▸ What is expected: Give back the whole listing word for word and skip each picture.

▸ Supplied data:
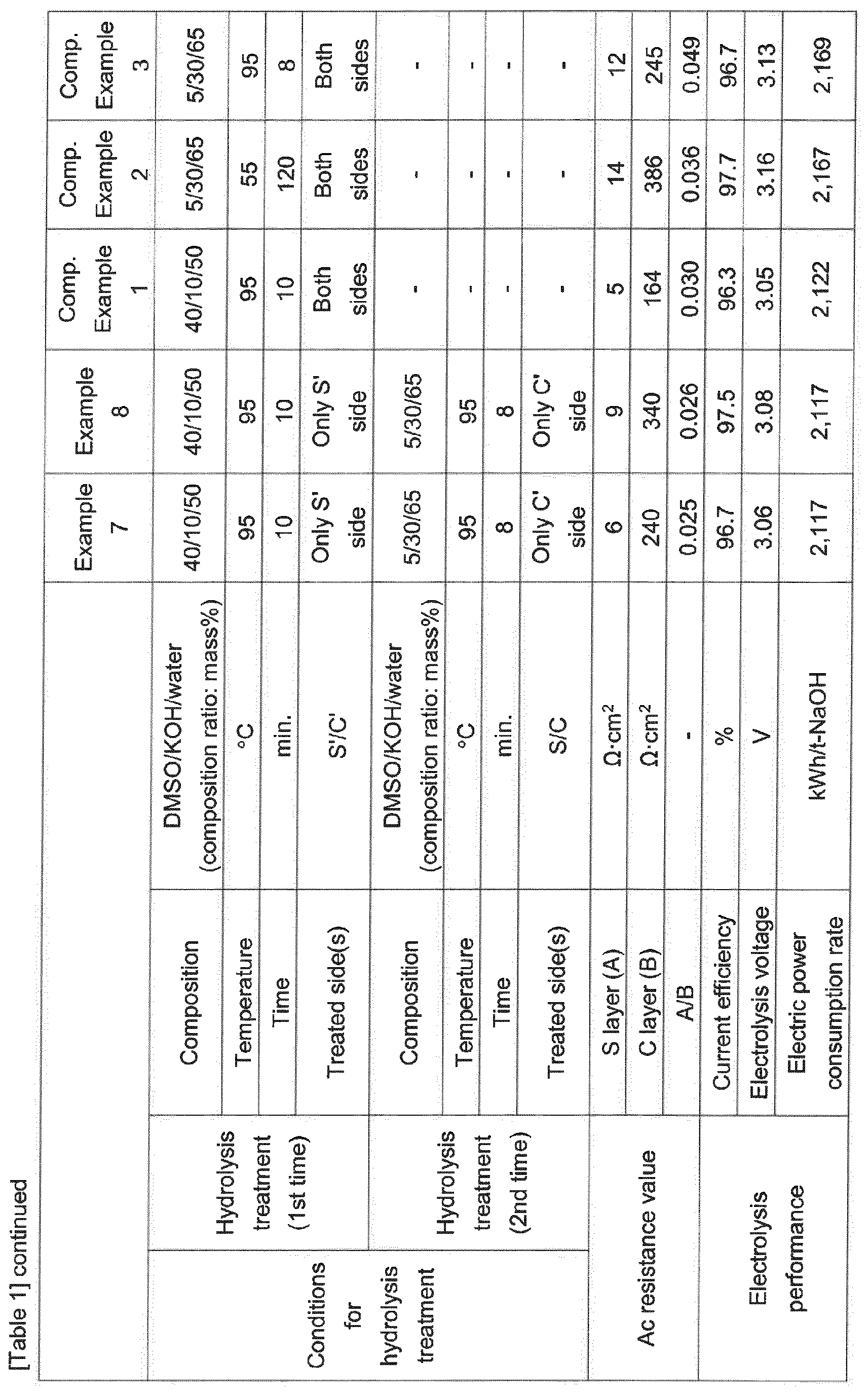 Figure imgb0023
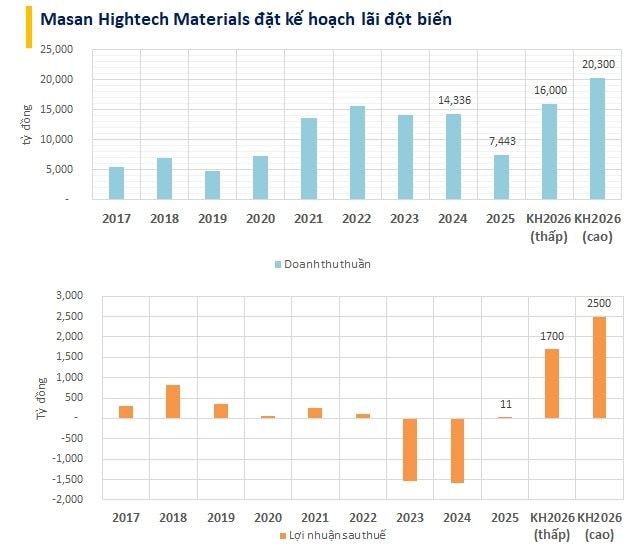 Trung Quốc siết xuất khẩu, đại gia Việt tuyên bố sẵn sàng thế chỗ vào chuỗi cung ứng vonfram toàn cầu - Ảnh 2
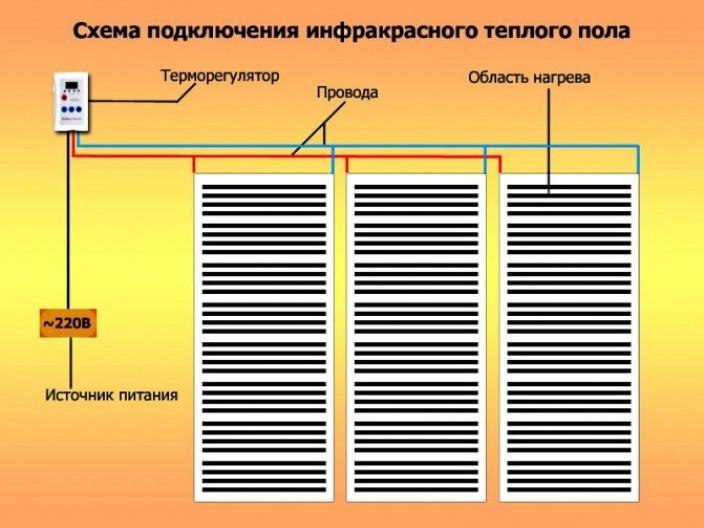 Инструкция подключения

▸ Written reply:
 Figure imgb0023
 Trung Quốc siết xuất khẩu, đại gia Việt tuyên bố sẵn sàng thế chỗ vào chuỗi cung ứng vonfram toàn cầu - Ảnh 2
 Инструкция подключения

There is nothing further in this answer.